Here are the records. Write out exactly the lines between the one holding "3灯シーリングランプ × スチール（エミッション）" and the one holding "2011 Honda CR-V", inclusive.

Excerpted records.
[Start of Attachment]
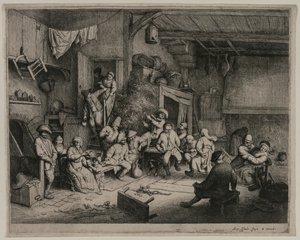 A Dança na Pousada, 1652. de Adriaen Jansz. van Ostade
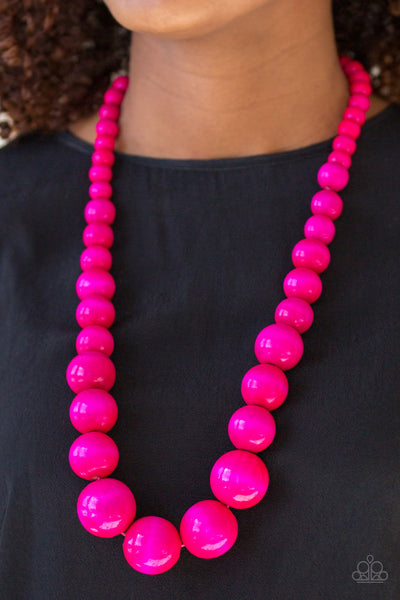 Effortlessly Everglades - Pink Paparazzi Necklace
[End of Attachment]
[Start of Attachment]
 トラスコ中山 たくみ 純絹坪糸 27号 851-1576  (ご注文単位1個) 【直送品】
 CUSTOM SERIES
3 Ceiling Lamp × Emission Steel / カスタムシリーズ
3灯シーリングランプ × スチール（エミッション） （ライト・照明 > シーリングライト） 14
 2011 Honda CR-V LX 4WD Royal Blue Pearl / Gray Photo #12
[End of Attachment]
Exercise answer.
3灯シーリングランプ × スチール（エミッション） （ライト・照明 > シーリングライト） 14
 2011 Honda CR-V LX 4WD Royal Blue Pearl / Gray Photo #12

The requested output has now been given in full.